The lawsuit, filed in conjunction with the conservative group Judicial Watch, alleges that Kentucky has not made “a reasonable effort to remove registrants who have become ineligible due to a change of residence.” Judicial Watch first sued Kentucky in November 2017, and the Justice Department announced it was joining the lawsuit on Tuesday. That same day, Kentucky settled the lawsuit and said it would make “a reasonable effort to remove from the statewide voter registration list the names of registrants who have become ineligible.”

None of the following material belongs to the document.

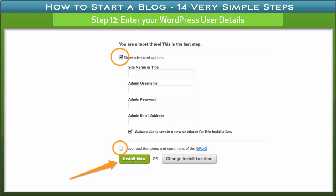Step 12: Enter your WordPress user details. Select the advanced option checkbox and then enter your site name — examples include a personal name, 'How to Become a Successful Blogger,' or 'How to Make Money Online.' Choose an administrator username you will use to log in to WordPress, and ensure it is different from your password. Retype your email address, agree to all terms and conditions, then click the Install Now button.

This is the Trump administration’s first lawsuit against a state to force aggressive voter voter purging and could be the beginning of a new effort to curb voting rights. In June 2017—on the same day that President Donald Trump’s controversial Election Integrity Commission asked states to hand over sensitive voter data— the Justice Department sent a letter to 44 states informing them it was reviewing their voter list maintenance procedures and asking how they planned to “remove the names of ineligible voters.” Vanita Gupta, who led the Justice Department’s Civil Rights Division under President Barack Obama, called the letter “virtually unprecedented” and predicted it would lead to new voter purges.
That is happening now. The Justice Department lawsuit was filed against Kentucky’s Democratic secretary of state, Alison Lundergan Grimes, who last year vocally denounced a different Trump administration request, for voter data from all 50 states. She said at the time, “There’s not enough bourbon here in Kentucky to make this request seem sensible.”
The Trump administration sued Kentucky under the National Voter Registration Act of 1993, which was supposed to make voter registration more accessible by allowing people to sign up to vote at motor vehicle offices and other public agencies. The law also contained a provision requiring states to make a “reasonable effort” remove ineligible voters from the rolls. The George W.Bush administration sued four states under this list maintenance provision to force them to purge ineligible voters. This voter purge strategy has been expanded by conservative activists in recent years, who have sued or threatened to sue 11 states where they claim the voter rolls are inflated.
If not done with proper safeguards, voter purges can cause eligible voters to be removed from the rolls. In 2006, a state court in Kentucky blocked an effort by then-Secretary of State Trey Grayson, a Republican, to purge the voter rolls, finding that more than 8,100 eligible Kentucky voters had been removed.
Wrongful purging has swung close elections in Republicans’ favor. This happened most notably during the 2000 election in Florida, when the state wrongly labeled 12,000 eligible voters as ex-felons and purged them from the voter rolls. That was 22 times Bush’s 537-vote margin of victory over Al Gore.
In addition to the Justice Department’s lawsuit against Kentucky, Republicans have already sought to use the Supreme Court’s Ohio decision to their advantage in other ways. On Wednesday, Kansas Secretary of State Kris Kobach, the former vice chair of the now-defunct Election Integrity Commission, took to federal court to try to reinstate a Kansas law requiring proof of citizenship to register to vote. The law blocked one in seven eligible voters who attempted to register and was put on hold by the courts.